The Nigerian government’s failure to extend the naira-for-crude policy for local refineries, including Dangote Refinery, has raised concerns over imminent fuel price hikes and a resurgence of inflationary pressures.
The policy, which enabled local refineries to purchase crude oil in naira rather than in dollars, was responsible for the recent decline in petrol prices.
However, with the programme’s expiration in March and no plans for renewal, economic analysts have warned of severe consequences for consumers of the product, businesses, and the overall economy.
Despite repeated attempts to obtain official clarification, the director of information in the Federal Ministry of Finance, Mohammed Manga, declined to comment on the status of negotiations between the minister of finance and coordinating minister of the economy, Wale Edun, and refinery stakeholders led by Dangote Refinery.
Insider sources reveal that the government is unwilling to renew the agreement, citing revenue losses. According to these sources, the authorities view the naira-for-crude policyas a financial compromise that deprives the government of necessary funds for intervention programmes.
Nigerians, already struggling under harsh economic conditions exacerbated by government policies, are likely to bear the brunt of the looming fuel price hike. The federal government had previously touted its economic reforms as a pathway to increased revenue generation.
However, the same policies—widely regarded as unpopular and detrimental to ordinary citizens—have contributed to economic distress.
While international financial institutions such as the International Monetary Fund (IMF) and the World Bank have endorsed these reforms, local economic experts caution that their implementation has led to widespread hardship.
The Nigerian Economic Summit Group (NESG) is one of those that have openly criticised the government’s reluctance to extend the naira-for-crude policy, warning that it could jeopardise local refining efforts.
Speaking at a media engagement in Abuja on Friday, NESG chief executive officer Dr. Tayo Aduloju stressed that the discontinuation of the policy threatened to reverse recent gains in fuel pricing and foreign exchange stabilisation.

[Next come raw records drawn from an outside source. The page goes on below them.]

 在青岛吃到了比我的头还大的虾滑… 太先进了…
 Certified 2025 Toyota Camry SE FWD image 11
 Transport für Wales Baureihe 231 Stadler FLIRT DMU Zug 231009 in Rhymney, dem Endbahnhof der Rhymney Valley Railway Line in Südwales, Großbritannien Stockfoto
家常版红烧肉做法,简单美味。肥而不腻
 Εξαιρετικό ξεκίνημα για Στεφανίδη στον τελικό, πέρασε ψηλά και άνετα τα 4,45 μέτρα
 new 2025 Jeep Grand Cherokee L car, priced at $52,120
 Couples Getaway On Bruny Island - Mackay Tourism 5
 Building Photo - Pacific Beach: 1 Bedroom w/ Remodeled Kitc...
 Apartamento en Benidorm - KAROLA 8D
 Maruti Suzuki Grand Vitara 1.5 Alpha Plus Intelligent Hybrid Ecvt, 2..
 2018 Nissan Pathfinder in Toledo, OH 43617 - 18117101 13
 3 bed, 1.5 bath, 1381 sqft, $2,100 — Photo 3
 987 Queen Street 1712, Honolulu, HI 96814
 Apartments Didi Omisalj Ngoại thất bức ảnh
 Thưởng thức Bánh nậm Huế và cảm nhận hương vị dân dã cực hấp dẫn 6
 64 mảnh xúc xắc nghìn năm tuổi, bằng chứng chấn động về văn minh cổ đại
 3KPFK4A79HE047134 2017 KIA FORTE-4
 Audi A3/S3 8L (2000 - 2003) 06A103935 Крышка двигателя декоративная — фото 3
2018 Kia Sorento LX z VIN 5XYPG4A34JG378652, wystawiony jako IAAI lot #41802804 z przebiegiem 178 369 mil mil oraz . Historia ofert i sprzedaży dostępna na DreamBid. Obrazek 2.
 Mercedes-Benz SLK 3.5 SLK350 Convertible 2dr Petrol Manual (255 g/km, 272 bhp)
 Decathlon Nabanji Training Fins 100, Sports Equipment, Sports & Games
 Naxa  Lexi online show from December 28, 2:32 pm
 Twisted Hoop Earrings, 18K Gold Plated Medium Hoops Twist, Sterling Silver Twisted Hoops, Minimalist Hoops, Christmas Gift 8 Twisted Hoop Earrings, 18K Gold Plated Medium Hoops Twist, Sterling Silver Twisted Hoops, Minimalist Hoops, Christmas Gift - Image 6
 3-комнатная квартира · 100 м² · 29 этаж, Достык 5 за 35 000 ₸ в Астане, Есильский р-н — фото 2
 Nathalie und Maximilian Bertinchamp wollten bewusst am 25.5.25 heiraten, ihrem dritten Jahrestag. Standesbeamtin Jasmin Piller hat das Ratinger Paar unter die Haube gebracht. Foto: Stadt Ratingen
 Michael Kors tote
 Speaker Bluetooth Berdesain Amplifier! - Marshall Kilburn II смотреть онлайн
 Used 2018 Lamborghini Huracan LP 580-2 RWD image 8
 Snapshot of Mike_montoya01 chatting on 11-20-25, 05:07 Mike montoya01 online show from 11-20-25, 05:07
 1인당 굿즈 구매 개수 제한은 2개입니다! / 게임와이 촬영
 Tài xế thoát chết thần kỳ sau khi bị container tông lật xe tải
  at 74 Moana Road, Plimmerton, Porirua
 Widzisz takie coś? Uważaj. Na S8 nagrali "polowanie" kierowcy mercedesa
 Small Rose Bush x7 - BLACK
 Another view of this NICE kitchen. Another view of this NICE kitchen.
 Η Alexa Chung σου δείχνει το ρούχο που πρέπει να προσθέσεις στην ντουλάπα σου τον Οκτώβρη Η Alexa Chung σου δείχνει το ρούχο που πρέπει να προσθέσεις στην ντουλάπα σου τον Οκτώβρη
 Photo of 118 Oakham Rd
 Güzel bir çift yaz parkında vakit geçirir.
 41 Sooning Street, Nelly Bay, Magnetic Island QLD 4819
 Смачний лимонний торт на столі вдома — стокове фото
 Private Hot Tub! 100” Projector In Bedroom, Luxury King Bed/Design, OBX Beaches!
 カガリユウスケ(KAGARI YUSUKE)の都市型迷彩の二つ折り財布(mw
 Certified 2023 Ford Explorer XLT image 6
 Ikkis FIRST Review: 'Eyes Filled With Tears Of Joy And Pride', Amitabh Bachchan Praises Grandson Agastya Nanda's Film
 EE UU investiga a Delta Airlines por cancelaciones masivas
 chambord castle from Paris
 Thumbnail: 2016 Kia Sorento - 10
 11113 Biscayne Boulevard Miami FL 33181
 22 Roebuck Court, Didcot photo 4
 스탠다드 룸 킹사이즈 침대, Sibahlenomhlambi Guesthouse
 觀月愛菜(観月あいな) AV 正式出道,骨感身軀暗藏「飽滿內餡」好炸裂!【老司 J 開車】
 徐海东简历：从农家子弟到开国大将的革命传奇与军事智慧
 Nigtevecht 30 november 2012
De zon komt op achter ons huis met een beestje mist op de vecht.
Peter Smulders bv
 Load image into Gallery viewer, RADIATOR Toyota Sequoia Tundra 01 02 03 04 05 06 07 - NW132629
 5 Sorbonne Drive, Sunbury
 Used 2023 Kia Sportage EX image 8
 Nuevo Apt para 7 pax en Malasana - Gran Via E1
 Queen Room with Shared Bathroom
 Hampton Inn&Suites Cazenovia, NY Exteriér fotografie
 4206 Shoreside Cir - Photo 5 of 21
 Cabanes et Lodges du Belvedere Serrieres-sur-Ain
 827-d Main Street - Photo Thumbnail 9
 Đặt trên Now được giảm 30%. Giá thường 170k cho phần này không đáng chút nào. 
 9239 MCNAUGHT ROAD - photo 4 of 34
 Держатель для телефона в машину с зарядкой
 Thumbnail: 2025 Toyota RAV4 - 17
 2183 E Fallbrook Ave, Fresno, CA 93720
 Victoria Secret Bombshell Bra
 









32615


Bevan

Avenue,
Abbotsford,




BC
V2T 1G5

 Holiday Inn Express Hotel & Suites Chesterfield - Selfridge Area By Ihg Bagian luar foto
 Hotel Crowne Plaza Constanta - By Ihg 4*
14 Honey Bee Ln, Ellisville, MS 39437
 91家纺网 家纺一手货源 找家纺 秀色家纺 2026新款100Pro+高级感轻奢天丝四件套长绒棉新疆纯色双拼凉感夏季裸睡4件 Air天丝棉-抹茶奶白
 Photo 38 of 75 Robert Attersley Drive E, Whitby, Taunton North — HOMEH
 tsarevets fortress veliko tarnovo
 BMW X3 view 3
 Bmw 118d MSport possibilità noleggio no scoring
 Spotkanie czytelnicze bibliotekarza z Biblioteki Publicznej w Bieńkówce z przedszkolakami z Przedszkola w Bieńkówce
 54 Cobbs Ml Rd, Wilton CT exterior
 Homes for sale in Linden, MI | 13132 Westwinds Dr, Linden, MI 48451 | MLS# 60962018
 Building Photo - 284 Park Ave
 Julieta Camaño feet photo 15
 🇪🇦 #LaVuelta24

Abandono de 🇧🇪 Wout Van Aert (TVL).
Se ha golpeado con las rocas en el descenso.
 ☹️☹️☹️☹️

“We want to encourage the regulator. We know it’s hard work, and none of this is as easy as it sounds. But in working together with themarket, it’s important that we do not kill the incentives that allowed Dangote to achieve what it has done for us,” Aduloju stated.
He further emphasised the significant milestone achieved in local petroleum pricing, highlighting that past predictions of affordable domestically refined petrol had been met with skepticism.
“If somebody had told us a few years ago that locally produced petrol could be sold at such a price, we would have dismissed it outright. But now, we have achieved it,” he added.
Industry stakeholders, including refinery owners and oil marketers, have expressed dissatisfaction with the government’s decision, describing it as insensitive and detrimental to price stability.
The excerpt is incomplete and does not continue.